By his two wives Halifax had had three sons, all of whom had died young, and five daughters, four of whom survived him, the youngest born posthumously. The marquessate of Halifax thus became extinct at his death and the title was quickly conferred on the second marquess’s political opponent the Whig Junto leader, Charles Montagu, who on 13 Dec. 1700 was created Baron Halifax. Montagu may have chosen the title because of its associations with the intellectual, witty and politically forceful first marquess but his choice of title, so soon after the extinction of the Savile line, caused some outrage among the late marquess’s Tory allies. The baronetcy, the sixth in the Savile family, descended to a distant kinsman, John Savile, a descendant of a son of the first baronet’s second wife, and his descendants maintained the parliamentary involvement of the Savile family in the Commons throughout the eighteenth century.

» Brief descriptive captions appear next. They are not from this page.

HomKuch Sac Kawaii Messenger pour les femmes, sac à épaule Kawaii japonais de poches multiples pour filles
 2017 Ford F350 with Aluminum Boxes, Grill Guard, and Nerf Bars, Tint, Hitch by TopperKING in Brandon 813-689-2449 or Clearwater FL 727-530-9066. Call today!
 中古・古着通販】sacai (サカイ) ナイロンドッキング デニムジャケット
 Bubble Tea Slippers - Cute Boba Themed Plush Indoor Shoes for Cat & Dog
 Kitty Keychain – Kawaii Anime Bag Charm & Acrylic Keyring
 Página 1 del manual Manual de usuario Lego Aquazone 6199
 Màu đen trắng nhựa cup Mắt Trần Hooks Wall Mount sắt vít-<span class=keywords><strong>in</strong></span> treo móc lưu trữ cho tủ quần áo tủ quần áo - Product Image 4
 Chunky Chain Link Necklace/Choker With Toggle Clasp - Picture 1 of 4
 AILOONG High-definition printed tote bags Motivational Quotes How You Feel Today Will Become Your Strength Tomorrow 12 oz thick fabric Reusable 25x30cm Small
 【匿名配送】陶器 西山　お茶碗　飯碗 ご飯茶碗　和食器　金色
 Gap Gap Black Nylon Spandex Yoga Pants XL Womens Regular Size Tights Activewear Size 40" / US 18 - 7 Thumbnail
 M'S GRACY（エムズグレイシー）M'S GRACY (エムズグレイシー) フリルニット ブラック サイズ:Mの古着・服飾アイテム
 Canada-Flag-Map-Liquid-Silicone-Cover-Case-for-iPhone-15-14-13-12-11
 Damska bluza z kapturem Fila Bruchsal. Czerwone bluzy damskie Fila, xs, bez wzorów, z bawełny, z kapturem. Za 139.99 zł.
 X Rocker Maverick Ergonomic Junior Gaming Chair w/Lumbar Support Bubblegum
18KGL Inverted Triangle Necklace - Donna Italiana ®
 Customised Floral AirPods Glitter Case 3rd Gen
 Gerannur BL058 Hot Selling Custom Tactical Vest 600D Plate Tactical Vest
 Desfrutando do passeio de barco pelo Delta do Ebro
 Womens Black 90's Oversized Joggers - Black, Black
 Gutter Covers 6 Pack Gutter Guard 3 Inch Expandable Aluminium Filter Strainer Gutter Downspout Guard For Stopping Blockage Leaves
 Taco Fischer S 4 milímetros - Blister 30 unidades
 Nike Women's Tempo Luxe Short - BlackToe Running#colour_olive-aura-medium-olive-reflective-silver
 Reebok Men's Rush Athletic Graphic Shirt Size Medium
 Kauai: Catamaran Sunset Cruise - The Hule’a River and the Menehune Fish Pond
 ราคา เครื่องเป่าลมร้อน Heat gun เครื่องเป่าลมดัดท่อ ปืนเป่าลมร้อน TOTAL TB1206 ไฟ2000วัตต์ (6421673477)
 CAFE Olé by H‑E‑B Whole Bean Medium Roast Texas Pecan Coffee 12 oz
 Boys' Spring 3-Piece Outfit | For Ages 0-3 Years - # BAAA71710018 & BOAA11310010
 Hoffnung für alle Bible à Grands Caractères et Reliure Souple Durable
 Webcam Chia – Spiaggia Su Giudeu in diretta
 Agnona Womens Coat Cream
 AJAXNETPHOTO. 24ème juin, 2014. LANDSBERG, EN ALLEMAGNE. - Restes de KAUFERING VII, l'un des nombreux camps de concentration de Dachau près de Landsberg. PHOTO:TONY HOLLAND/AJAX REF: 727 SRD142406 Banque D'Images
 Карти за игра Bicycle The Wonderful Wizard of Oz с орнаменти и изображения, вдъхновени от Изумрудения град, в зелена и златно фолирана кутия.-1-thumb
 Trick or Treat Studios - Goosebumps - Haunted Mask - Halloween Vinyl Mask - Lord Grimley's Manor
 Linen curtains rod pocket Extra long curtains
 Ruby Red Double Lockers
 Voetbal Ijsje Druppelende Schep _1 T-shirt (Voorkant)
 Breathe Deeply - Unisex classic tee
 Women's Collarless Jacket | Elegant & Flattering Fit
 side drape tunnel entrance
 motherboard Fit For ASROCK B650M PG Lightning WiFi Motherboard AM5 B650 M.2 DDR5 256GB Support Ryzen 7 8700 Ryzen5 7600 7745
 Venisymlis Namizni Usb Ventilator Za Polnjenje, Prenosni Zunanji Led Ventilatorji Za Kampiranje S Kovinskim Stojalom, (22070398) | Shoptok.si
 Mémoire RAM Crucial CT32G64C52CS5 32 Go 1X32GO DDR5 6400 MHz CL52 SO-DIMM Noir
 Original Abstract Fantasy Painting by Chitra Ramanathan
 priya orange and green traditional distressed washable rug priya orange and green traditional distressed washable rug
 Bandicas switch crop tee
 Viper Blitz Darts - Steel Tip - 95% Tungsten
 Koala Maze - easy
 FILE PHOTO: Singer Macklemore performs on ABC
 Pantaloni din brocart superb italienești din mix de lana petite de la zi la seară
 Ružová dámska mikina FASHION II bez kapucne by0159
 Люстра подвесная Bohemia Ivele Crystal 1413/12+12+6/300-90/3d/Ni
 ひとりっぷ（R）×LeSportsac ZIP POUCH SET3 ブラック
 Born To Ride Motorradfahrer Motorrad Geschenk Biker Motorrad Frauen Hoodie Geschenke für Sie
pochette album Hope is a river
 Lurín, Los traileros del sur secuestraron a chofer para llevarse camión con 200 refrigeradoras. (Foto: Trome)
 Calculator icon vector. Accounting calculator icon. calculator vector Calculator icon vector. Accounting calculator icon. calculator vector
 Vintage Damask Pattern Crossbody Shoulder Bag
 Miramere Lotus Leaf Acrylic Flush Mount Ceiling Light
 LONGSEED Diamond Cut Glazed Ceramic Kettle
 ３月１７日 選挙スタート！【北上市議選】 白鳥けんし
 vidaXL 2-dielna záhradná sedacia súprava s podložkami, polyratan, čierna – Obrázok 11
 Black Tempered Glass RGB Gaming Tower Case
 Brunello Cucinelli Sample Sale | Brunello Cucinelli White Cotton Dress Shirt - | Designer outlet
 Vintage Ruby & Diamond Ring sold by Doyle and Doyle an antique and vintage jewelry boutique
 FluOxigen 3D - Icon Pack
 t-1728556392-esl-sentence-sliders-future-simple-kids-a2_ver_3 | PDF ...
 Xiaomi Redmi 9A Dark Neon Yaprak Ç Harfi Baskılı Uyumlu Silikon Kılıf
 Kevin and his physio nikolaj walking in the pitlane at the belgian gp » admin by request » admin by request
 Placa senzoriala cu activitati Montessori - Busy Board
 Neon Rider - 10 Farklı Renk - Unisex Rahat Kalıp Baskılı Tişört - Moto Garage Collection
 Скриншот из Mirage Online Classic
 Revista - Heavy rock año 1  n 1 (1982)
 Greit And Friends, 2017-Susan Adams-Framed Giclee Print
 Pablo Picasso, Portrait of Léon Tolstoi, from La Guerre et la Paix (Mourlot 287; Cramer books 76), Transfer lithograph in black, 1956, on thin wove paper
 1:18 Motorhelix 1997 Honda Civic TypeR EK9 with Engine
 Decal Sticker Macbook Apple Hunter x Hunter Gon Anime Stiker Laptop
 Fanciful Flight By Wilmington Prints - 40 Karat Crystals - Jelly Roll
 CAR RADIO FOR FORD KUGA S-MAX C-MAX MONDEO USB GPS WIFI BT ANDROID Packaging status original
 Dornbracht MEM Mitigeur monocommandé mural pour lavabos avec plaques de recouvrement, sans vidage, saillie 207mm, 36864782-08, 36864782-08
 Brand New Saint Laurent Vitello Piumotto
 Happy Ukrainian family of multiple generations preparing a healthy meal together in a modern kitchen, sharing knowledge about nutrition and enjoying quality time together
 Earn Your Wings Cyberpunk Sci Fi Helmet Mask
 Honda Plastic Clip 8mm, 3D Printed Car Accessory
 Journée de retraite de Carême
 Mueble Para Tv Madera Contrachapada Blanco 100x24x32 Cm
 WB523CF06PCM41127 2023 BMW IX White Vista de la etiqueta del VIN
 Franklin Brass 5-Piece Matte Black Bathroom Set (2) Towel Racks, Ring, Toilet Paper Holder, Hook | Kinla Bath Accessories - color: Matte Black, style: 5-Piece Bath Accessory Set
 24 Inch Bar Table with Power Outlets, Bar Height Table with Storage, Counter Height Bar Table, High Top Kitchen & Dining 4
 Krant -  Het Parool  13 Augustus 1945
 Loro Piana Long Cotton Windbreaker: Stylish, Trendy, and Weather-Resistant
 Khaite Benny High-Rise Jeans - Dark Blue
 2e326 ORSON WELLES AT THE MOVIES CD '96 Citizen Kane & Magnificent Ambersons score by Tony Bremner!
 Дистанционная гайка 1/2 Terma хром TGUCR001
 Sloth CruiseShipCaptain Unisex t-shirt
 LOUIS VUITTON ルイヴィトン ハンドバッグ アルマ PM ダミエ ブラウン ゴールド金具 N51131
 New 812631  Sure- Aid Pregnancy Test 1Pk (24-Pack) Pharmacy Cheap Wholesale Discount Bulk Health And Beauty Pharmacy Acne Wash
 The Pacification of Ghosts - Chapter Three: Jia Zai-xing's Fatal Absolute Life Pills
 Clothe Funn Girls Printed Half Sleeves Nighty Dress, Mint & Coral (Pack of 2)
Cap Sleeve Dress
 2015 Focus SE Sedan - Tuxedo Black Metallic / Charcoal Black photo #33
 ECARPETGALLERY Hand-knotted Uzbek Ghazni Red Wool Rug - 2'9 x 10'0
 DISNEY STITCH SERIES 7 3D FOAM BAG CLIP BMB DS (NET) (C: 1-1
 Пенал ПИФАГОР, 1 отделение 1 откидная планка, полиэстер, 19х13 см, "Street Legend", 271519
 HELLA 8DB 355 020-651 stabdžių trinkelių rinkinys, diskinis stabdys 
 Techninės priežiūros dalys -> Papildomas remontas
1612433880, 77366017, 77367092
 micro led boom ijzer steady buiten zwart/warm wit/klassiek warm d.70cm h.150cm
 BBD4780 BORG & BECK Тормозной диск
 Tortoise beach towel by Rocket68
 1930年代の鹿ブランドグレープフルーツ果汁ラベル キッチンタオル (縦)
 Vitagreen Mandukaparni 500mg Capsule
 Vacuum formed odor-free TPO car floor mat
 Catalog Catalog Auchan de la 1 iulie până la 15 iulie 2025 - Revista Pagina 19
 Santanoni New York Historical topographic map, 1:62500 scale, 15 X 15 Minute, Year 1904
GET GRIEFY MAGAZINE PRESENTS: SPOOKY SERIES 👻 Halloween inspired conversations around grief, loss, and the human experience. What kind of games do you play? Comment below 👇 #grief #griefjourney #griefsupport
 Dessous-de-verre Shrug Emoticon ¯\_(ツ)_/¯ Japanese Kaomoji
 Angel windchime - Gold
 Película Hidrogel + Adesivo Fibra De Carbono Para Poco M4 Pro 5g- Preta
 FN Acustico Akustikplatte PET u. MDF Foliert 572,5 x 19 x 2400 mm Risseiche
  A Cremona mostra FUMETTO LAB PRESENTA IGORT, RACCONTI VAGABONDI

Halifax’s executors Weymouth, Nottingham, Heneage Finch, later earl of Aylesford, and William Finch‡ were assigned to raise money for the portions of his four daughters – £15,000 each. The executors quickly found that the estates could not support those charges and in 1706, when the first portion had to be paid for the marriage of Halifax’s eldest daughter Anne to Robert Bruce, Lord Bruce (later Baron Bruce of Whorlton and 3rd earl of Ailesbury), the trustees petitioned the House for a bill to enable them to sell part of the estate. This was blocked by the late marquess’s stepmother Gertrude, dowager marchioness of Halifax (the long-lived widow of the first marquess) and her daughter Elizabeth, Lady Stanhope, who had a reversionary interest in the estate.